It’s over, finally. I did what I have been avoiding for a long time. I cut ties with my Ex. It was time. As much as I wanted to be friends, it was never going to happen. As long as HWSNBN is in the picture, being friends won't work, not now, not ever. I mean, really, how can two people be friends when the thing that destroyed them is there as a constant reminder of the hurt, lies, betrayal, hate, and all the rest of it?
So, I composed myself, and made the call. I asked her how we could be friends when I can never go to her home and share a meal with her at her table, or just hang out and watch a movie, etc.
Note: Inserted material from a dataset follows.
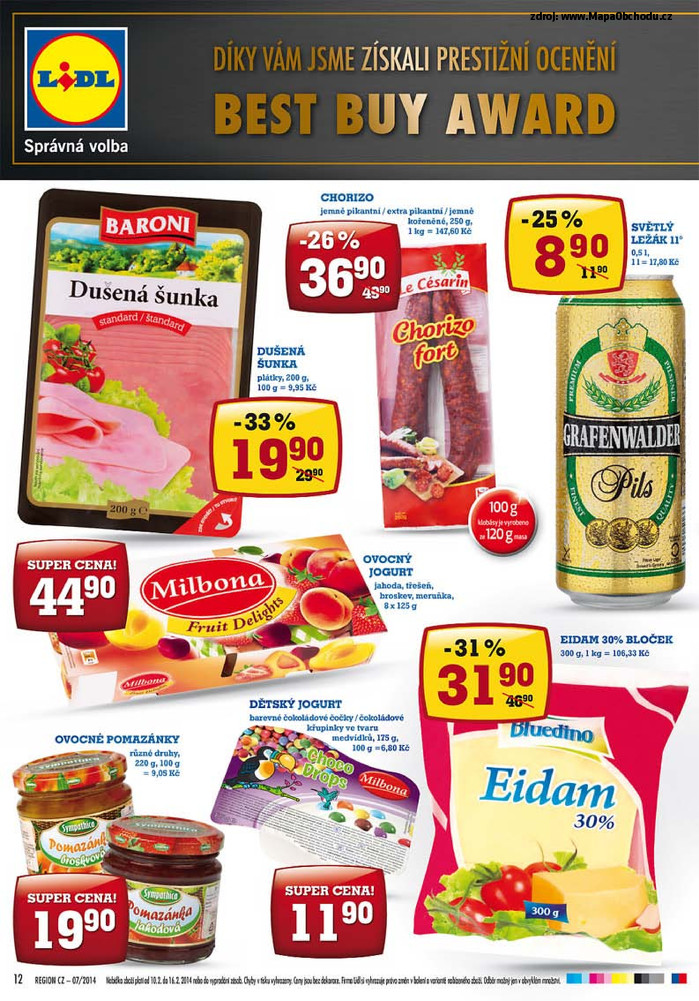 Stránka č. 12 - Akční leták Lidl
She responded by telling me that she was living in a fantasy world, she didn't know how it would work, and that I was right. I asked her where she thought she's going to go with this whole fantasy life and how she can be so naive, but I already knew the answer to my own question. Fact is, she has always wanted what she wants, when she wants, so I didn't expect much more from her. In the end, I told her: Being friends isn't going to work, so I have to let you go. Be happy in your life, take care of yourself, and if one day you decide to do the right thing, so be it. Until then, it’s good-bye.
I feel so sad & empty today (actually, I feel kind of sick, to tell you the truth) because I have fought for this friendship for two years, not knowing I was being lied to (read my older posts for the back story) the whole time, and now I had to be the one to do the right thing. Oh well, I guess it’s for me & my mental health, and I hope it will help her figure things out for herself. This really was the only way out for both of us. I don’t want to hurt her, and I don’t want to be hurt again. I will be sad, and I will miss her, but maybe, just maybe, some good will come from all of this.